II. Un bouvier, nommé Pierre, était allé aux champs le jour de la fête de sainte Marie-Madeleine, et accablait ses bœufs de jurons blasphématoires. Soudain la foudre s’abattit sur lui, lui brûlant les chairs et les muscles d’une jambe, de telle façon que ses os se trouvèrent presque détachés. Se traînant alors jusqu’à une église de la Vierge, il cacha son tibia dans un recoin, et, tout en larmes, supplia Marie de venir à son aide. La nuit suivante, à la demande de la Vierge, saint Hippolyte alla prendre le tibia dans l’église et le replaça dans la jambe du bouvier, comme on greffe une bouture. Aux cris du malade, toute sa famille accourut, et découvrit avec stupeur, qu’il avait de nouveau ses deux tibias. Mais lui, réveillé, crut d’abord qu’on se moquait de lui. Et quand il s’aperçut de la réalité du miracle, il sentit que sa jambe nouvelle était trop molle pour soutenir son corps. Il resta donc boiteux pendant une année entière. Puis la Vierge lui apparut, accompagnée de saint Hippolyte, et dit à celui-ci de compléter sa guérison. Et quand le bouvier se réveilla, il se trouva entièrement guéri.

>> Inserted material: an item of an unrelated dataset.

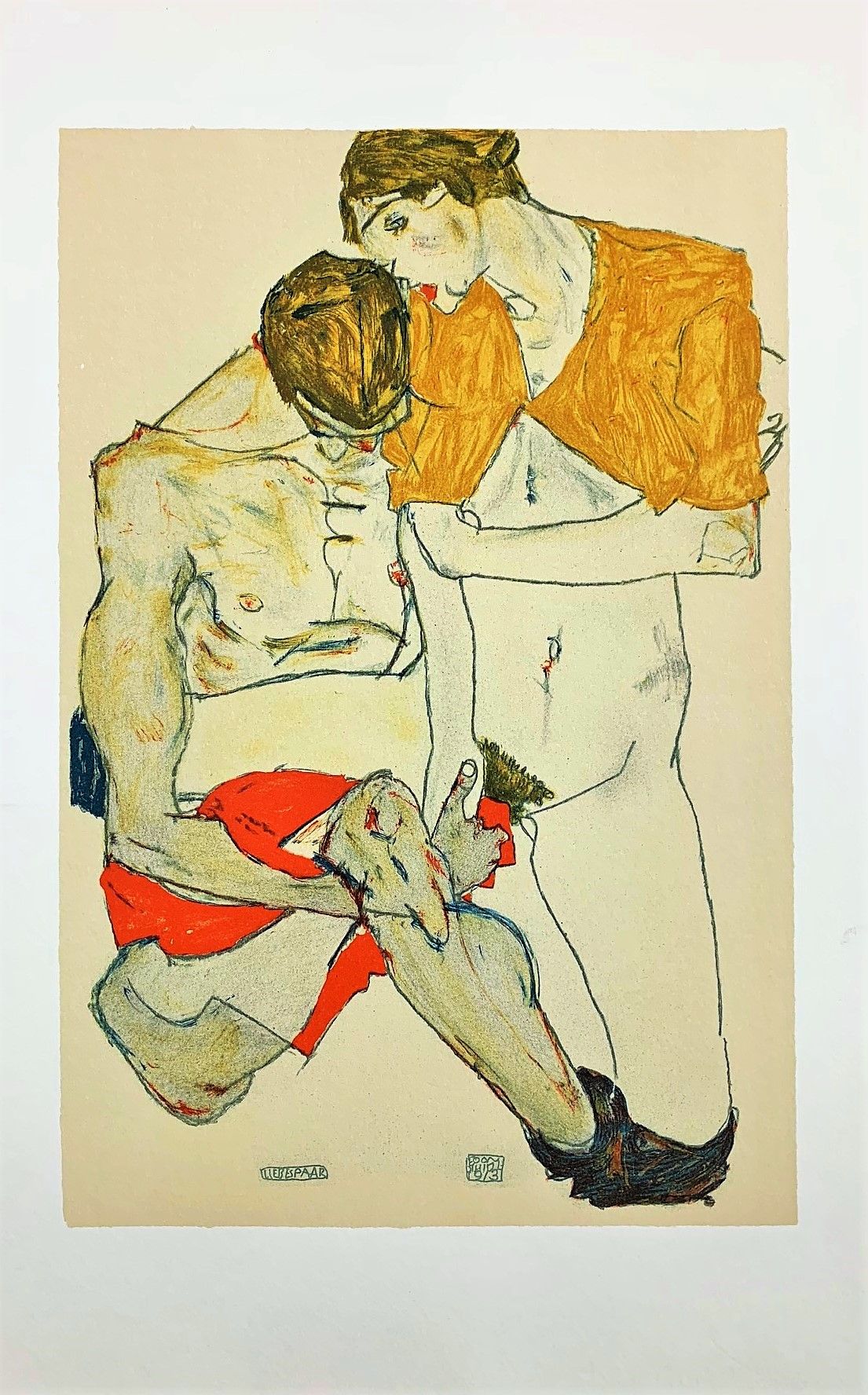 SCHIELE Egon (1890 - 1918) Lithograph "LES AMOUREUX / LOVERS "Signed and dated l&hellip;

Il entra alors dans un monastère, où le diable ne cessa point de le tenter, lui apparaissant, de préférence, sous la forme d’une jeune femme nue. Un jour enfin, le moine, exaspéré, prit son étole de prêtre et la passa autour du cou de sa visiteuse. Aussitôt le diable s’enfuit ; et la jeune femme se transforma en un cadavre pourri, qui remplit tout le couvent de sa puanteur. Par quoi l’on vit clairement que le diable, pour tenter Pierre, s’était introduit dans le corps d’une femme morte.